I’ve never quite grasped why knights like to charge dragons and giants and other monsters with a bloody lance – seems like a terrible idea to me. Isn’t the advantage of being mounted mobility? Why would you run directly AT the thing trying to kill you? That’s what all those poor footmen with spears are for right? I turned my mount to get some distance and then fired with my crossbow. The tusky menace bellowed and charged at us – but it wasn’t faster than a galloping horse. I displaced, got distance, and fired some more. It charged again and the process repeated.
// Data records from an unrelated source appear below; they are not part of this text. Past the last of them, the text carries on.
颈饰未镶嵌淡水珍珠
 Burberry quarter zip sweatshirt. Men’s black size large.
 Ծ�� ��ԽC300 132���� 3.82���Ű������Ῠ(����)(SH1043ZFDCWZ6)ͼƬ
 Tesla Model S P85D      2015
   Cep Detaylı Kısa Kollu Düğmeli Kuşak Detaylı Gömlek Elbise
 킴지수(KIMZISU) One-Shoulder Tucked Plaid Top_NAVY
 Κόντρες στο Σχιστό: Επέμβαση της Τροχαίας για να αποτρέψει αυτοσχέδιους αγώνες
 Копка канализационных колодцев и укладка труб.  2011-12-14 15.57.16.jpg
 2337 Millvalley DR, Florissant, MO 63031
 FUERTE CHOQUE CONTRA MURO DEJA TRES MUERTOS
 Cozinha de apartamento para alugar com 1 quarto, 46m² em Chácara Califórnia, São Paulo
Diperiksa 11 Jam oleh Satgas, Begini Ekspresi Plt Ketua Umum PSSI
If it had been a more canny opponent it might have taken cover in the trees and hurled rocks – giants love hurling rocks – or just tried to use it’s charging to pin me against the trees so I couldn’t easily run away. But it wasn’t. It was actually kind of pathetic to see such a powerful creature lumbering around pointlessly until it collapsed to the ground with dozens of crossbow bolts stuck in its flesh. I shot it a half dozen more times from a distance just to make sure it wasn’t smart enough to play possum before riding up and putting one last quarrel through its neck. It was actually still alive but I figured that wouldn’t last long.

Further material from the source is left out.